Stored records
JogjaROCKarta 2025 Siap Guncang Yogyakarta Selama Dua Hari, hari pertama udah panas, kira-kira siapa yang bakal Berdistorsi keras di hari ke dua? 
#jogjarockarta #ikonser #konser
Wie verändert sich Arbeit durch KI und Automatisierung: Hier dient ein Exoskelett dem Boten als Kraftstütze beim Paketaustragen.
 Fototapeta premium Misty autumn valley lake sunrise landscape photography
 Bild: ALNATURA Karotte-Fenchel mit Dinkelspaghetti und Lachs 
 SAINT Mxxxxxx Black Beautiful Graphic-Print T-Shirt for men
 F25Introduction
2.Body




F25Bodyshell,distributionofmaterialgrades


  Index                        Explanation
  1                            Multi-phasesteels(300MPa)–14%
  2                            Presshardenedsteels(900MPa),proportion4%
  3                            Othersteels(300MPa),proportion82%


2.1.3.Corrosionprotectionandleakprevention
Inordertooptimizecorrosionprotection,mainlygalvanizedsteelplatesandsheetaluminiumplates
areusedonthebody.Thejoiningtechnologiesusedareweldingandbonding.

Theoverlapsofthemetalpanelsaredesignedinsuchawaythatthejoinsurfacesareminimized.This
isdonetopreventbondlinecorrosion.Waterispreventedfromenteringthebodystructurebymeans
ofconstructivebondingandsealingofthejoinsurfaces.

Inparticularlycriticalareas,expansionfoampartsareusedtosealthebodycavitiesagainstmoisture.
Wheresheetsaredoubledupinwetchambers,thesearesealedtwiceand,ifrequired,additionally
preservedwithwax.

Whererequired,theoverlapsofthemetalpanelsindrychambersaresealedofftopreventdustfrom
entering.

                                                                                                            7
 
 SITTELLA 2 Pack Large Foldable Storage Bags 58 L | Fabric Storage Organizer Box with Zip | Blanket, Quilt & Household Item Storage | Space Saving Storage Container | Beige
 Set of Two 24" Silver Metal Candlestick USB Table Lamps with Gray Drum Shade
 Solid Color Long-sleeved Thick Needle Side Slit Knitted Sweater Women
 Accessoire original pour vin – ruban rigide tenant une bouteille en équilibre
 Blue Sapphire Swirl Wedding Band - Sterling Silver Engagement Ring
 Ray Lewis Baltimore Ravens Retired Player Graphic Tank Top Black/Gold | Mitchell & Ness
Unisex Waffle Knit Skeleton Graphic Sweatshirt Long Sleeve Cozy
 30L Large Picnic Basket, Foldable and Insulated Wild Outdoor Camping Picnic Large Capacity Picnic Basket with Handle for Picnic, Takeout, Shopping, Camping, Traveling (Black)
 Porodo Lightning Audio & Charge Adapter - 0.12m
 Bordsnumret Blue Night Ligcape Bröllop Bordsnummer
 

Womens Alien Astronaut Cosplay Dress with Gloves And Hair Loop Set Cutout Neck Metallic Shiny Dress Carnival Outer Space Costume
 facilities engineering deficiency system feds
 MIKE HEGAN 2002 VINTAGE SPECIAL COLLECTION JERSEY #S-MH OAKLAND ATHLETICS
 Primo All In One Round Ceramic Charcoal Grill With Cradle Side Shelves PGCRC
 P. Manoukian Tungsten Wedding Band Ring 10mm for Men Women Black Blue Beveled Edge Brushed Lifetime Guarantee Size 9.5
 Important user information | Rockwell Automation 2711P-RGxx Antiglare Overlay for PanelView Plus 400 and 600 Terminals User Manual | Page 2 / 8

__What this task involves__
Please return every line of the records above that contains the word "Graphic".

__Answer to the exercise__
 SAINT Mxxxxxx Black Beautiful Graphic-Print T-Shirt for men
 Ray Lewis Baltimore Ravens Retired Player Graphic Tank Top Black/Gold | Mitchell & Ness
Unisex Waffle Knit Skeleton Graphic Sweatshirt Long Sleeve Cozy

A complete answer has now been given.